Major stock indexes fell over 2% on Monday, May 13th.
While the majority of our indicators are still showing signs of strength, various measures of market health are signalling the potential for a change of trend from the strong upward moves so far this year.
Last week, our proprietary signals moved most client portfolios into a roughly 30% cash position. We could not have anticipated the trade events that have transpired since, but our system took steps to help protect portfolios in advance, which is exactly the goal of any good system.
Volatility is Back, but for How Long?
Following increased tensions in the China trade tariff talks over the past week, major US stock indices fell hard on Monday, with the Dow Jones down over 700 points at its low.
The political game being played between Trump and China is impossible to predict or assign odds to. It would be like assigning odds to a game of chicken. Who will blink first? Neither Trump nor Xi of China know those odds, so how possibly could we?
One thing is for certain…do not make any investment moves based upon this trade war/beef/tantrum/conflict/negotiation, or whatever other description you’d like to assign.
Instead of looking at the news to make investment decisions, we analyze a wide variety of objective indicators designed to understand the health of the market. We have developed a set of rules that govern our portfolio management activities, and execute the plan with diligence and consistency.
Based on our analysis, we see two scenarios as most likely to occur:
- The market has a 5-10% pullback, followed by new all-time highs this summer/fall.
- The market has a much larger pullback that will ultimately fall below the December 2018 lows. This would result in a decline exceeding 20% before ultimately moving to new highs.
Both of these scenarios would likely lead to the same ultimate conclusion…new all-time highs. However, the path with which they might get there would be extremely different.
SCENARIO 1: 5-10% Pullback
If the first scenario is happening, the pullback should not be more than 5-10% from the highs reached a few weeks ago. Currently, the market is 5% below its highs.
These are normal, garden-variety-type pullbacks that typically occur 1-2 times per year. Some risk management is required for these declines, but the end result is that only nominal, temporary damage is done to portfolios.
However, as is the case when investing, it is unknown if the pullback will stop at 5%, 10%, 20% or worse.
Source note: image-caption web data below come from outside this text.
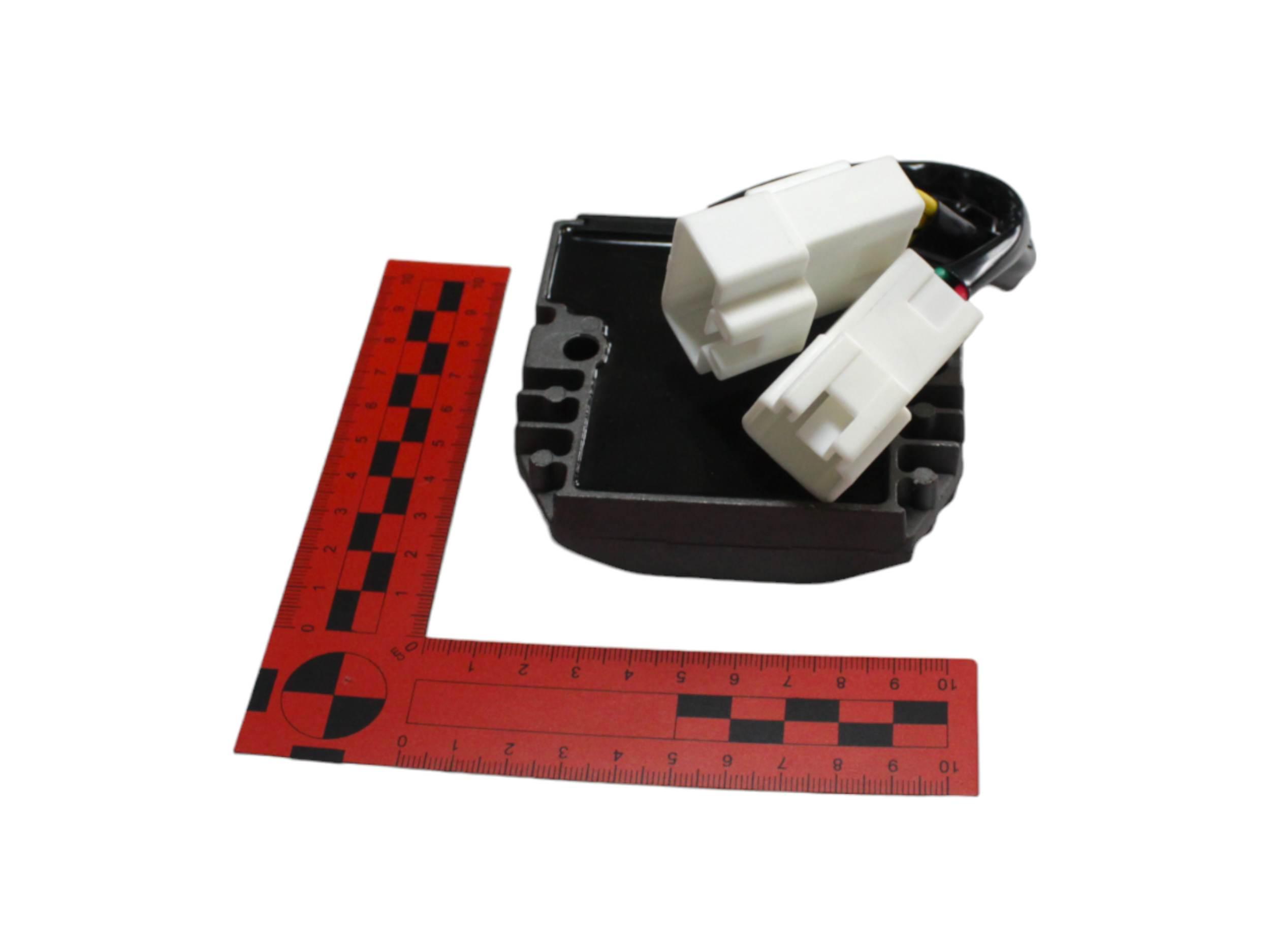 Regulator Napięcia Honda Cbf1000 06-10r Ret000020 - zdjęcie 3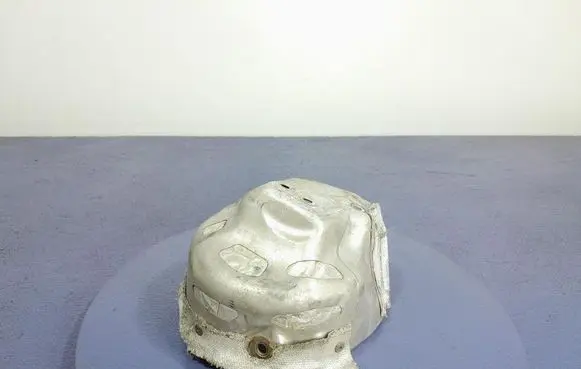 Audi A4 S4 B7 8E 8H Exhaust heat shield 8573114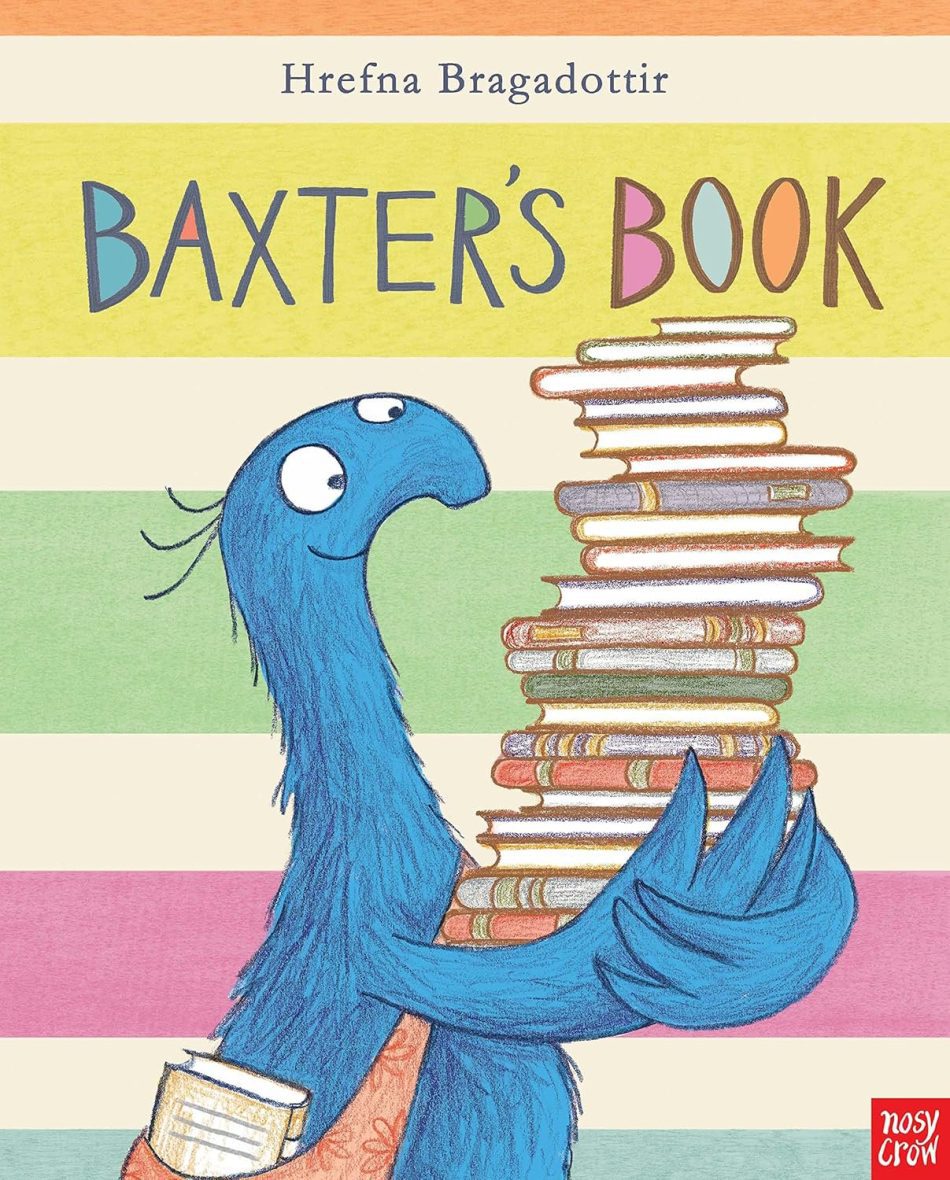 Baxter’s Book – Picture Storybook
The fog of war is thick, and the future is unknown. Which is why we focus on objective risk management tools that can limit overall portfolio declines.
We prefer to let the data do the talking, and a majority of data can be found in price charts.
One reason we like to use charts in our analysis, is that you can easily visualize some key inputs that move stock prices.
There are many important indicators to consider, but most have an indirect impact on market prices. There is no magical valuation level that moves prices; there is no specific level of economic activity that cause stock prices to get to a certain area. No level of unemployment, product sales, inflation, debt level, or any other economic indicator actually causes prices to move. They have important INDIRECT effects on stock prices, but none actually change the price by themselves.
Ultimately, moves up and down in the markets are driven by supply and demand. Period.
It doesn’t matter if people buy or sell stocks because they are panicked, because they are hopeful, because they love Trump or because they despise him. It is the actual act of buying and selling that drives prices, not the reasons for these actions.
Most market analysis focuses on indirect causation. This results in the analysis to ultimately be about human behavior. A prediction about the market based on an economic indicator is simply a prediction of how people will INTERPRET and ACT on this economic data, not on the data itself. Market analysts practicing this type of interpretation don’t realize that they would be more accurate in their predictions with a psychology degree than an economics degree.
Back to supply and demand. This is what actually moves prices. Higher supply (more sellers) pushes down prices, while higher demand (more buyers) pushes prices higher. This gets us to our first chart.
In the chart below, we look at a critical area of support on the S&P 500 index. This chart shows the market performance from the December lows. It also shows a unique way to show index volume, called “Price-by-Volume”.
Typical charts show the volume of shares that was traded during a particular time-frame…daily volume on a daily chart, weekly volume on a weekly chart, etc. This chart instead shows the amount of shares that were traded at a given price level. Bigger bars on the chart shows higher volume, and vice-versa. This can tell us when other market participants likely bought shares in a rising trend or sold them in a falling trend. In other words, it can provide a glimpse into supply and demand levels.
Since the market has been moving consistently higher since December, this area shows us that a large portion of the trading that has occurred has happened in the price range that we are in now.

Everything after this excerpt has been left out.